23
Jan
2011

Sturmgewehr in der Küche

In den neunziger Jahren war ich in Basel Untermieterin bei einem Kumpel namens Nino. Ich übernachtete in seiner Wohnung zwei, drei Nächte die Woche. Damit ich nicht jeden Tag drei Stunden pendeln musste. Nino lebte weit weg und war manchmal am Wochenende da. Ich schlief im Wohnzimmer, er hatte ein Schlafzimmer. Ich sah ihn nie.

Das Haus lag in einer heruntergekommenen Gegend. Es wartete sterbensmüde auf den Abbruchhammer. Dieser konnte wegen der geplanten, neuen Schnellstrasse jeden Tag auffahren. Die Wohnungen waren billig und schlecht unterhalten. Ninos Absteige dämmerte wie eine verwahrloste Alte dem Ende entgegen. Zum Gefühl allgemeiner Verkommenheit trug bei, dass Nino sein Sturmgewehr* gut sichtbar in der Küche aufbewahrte.

Mich störte das nicht sehr. Als Journalistin teile ich mit vielen meiner Berufskollegen ein bemerkenswertes Desinteresse an Fragen der Innendekoration. Anders meine Freundin, die Stauffacherin. Sie ist Bildhauerin und puncto Raumgestaltung eine Autorität - ästhetisch wie moralisch. "Ich besuche Dich nicht mehr, wenn diese Knarre weiter in Deiner Küche rumsteht", sagte sie.

Also schrieb ich Nino einen Zettel: "Lieber Nino, Könntest Du bitte Dein Sturmgewehr aus der Küche nehmen? Es stört meine Gäste. Herzliche Grüsse und ein schönes Wochenende, Frau Frogg".

Das Gewehr verschwand, und ich vergass es sofort.

Wochen später kam mein Freund English zu Besuch. Er schlief im Bett von Nino im anderen Zimmer.

Am Morgen kam er in die Küche, in seinen Augen eine Mischung aus Schrecken und Faszination. Er sagte: "There's a gun in my bedroom." Aha. Nino hatte jetzt also sein Sturmgewehr im Schlafzimmer abgestellt.

English fürchtete sich echt ein bisschen. Ich meine: Er war mit Schweizer Gepflogenheiten nicht vertraut und kannte Nino ja nicht. Wie konnte er wissen, ob der Herr dieser verslummten Absteige nicht plötzlich auftauchen und ein bisschen herumballern würde?

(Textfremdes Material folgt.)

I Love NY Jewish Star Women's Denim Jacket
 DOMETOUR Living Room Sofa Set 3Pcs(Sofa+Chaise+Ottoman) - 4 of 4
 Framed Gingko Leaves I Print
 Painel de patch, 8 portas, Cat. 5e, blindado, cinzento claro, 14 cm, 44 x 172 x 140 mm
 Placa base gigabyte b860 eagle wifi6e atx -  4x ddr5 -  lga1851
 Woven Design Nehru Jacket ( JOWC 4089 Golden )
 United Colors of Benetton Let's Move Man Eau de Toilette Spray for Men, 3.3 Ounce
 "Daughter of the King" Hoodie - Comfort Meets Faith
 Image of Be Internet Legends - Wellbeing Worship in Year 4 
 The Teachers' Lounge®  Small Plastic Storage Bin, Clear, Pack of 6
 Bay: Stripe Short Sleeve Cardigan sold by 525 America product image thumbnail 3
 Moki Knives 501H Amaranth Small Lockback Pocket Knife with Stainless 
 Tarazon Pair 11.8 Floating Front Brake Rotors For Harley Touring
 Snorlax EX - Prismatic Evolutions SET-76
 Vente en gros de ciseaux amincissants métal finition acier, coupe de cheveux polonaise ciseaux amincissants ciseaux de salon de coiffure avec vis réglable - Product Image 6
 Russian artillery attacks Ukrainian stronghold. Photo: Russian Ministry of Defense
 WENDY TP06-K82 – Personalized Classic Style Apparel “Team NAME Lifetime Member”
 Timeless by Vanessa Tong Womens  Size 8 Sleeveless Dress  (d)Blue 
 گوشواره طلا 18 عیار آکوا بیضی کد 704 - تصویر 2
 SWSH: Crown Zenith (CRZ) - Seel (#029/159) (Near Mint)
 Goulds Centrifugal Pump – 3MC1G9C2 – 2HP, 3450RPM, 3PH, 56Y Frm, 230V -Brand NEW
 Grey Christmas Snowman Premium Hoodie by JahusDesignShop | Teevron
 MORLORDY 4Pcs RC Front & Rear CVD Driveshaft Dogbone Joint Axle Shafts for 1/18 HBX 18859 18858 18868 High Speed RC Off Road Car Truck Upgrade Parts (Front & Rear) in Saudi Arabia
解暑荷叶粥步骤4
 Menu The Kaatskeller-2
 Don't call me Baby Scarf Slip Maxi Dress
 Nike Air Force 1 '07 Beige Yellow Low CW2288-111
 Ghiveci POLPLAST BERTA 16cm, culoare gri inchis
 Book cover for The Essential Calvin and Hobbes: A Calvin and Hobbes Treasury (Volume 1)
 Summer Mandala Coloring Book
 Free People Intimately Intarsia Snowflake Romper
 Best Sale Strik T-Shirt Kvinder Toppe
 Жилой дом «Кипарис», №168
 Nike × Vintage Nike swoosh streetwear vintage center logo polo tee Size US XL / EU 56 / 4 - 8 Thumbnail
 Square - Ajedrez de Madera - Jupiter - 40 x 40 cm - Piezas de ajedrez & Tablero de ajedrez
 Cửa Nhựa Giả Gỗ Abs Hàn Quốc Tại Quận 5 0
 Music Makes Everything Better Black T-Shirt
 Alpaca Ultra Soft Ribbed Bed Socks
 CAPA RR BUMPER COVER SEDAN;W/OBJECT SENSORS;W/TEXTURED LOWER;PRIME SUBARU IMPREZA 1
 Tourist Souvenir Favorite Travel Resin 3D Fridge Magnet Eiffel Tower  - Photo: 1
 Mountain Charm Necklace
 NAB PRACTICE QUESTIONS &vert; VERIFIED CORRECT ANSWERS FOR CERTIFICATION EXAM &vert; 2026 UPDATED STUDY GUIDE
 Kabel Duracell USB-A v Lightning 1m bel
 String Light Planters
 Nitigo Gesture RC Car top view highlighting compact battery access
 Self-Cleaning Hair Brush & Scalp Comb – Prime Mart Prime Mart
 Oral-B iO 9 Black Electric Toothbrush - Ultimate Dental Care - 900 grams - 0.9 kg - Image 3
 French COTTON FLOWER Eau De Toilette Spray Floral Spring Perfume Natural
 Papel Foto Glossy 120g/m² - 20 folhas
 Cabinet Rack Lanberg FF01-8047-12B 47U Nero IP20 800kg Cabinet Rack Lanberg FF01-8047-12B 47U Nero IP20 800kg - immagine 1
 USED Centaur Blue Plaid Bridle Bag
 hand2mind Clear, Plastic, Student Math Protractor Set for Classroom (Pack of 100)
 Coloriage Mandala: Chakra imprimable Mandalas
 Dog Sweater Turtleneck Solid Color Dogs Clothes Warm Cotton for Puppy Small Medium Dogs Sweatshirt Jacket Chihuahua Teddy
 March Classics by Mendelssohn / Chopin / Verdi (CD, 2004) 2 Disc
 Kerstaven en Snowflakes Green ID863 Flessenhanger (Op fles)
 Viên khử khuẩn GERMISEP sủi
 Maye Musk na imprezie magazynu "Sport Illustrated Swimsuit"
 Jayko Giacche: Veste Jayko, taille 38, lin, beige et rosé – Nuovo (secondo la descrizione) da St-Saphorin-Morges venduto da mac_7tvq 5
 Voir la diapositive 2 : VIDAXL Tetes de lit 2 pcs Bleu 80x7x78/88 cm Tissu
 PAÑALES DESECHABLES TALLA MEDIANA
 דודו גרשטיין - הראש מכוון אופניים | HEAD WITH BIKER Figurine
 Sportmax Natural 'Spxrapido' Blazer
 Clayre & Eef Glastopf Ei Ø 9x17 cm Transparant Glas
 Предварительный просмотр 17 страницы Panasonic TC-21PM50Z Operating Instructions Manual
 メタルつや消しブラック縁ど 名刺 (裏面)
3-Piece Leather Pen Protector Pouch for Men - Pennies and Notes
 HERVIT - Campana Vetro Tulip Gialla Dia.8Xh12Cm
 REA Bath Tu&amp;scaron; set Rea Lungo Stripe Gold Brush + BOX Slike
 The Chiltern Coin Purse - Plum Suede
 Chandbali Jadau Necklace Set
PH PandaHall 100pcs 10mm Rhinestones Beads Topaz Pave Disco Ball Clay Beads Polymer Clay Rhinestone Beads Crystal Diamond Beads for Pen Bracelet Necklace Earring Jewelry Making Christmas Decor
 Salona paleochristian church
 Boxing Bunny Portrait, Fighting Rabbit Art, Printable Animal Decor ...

Am 13. Februar stimmen wir darüber ab, ob unsere Männer ihre Waffen künftig im Zeughaus deponieren sollen. Ich werde Ja stimmen, ohne deswegen Herzblut zu vergiessen. Ich hatte zum Glück nie einen schiesswütigen oder suizidalen Mann, Freund oder MItbewohner. Ich finde einfach, Sturmgewehre in Privatwohnungen passten schon nicht in die neunziger Jahre. In unsere Zeit passen sie noch viel weniger.



* Für nichtschweizer Leser: Die meisten Schweizer Männer meiner Generation waren auch Soldaten. Damals mussten sie zwischen Einsätzen ihr Gewehr mit nach Hause nehmen. Heute kann mann es im Zeughaus lassen. Die Norm ist aber immer noch, dass mann es nach Hause nimmt.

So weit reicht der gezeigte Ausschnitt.